CFAI Practice Problem. Reading 20. Question 12


Question: Hirji then considers the scenario where the yield curve will lose curvature for the Malaysian institutional client. She notes that a 7-year Canadian government bond is also available in the market. Hirji proposes a duration-neutral portfolio comprised of 47% in 5-year bonds and 53% in 7-year bonds.

Relative to the Canadian government bond index, the portfolio that Hirji proposes for the Malaysian client will most likely :

  1. underperform.
  2. remain stable.
  3. outperform.

Answer: C is correct. Hirji proposes an extreme bullet portfolio focusing on the middle of the yield curve.


I understand a bullet portfolio will outperform when the yield curve it losing curvature but I am confused how a two bond portfolio where you are long both bonds can be duration neutral.

Ok, I think this is just a poorly worded question and the portfolio is actually duration neutral to the benchmark? Does anyone agree?

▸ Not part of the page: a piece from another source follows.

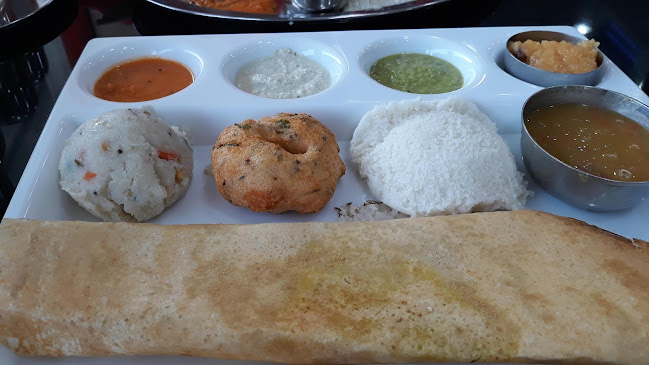 8CW2+C4M - Sheikh Saqr Bin Khalid Al Qasimi St - Bu Danig - Hay Al Qasimiah - Sharjah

I came here with the same question. Duration neutral would seem to imply the long and short offset when the yield curve changes…

any insight would be helpful…

From my reading of this question, I think they are implying that the existing bond exactly matches the benchmarks duration. When I answered it I assumed I needed to just weight the two other bonds to get an aggregate duration matching the existing.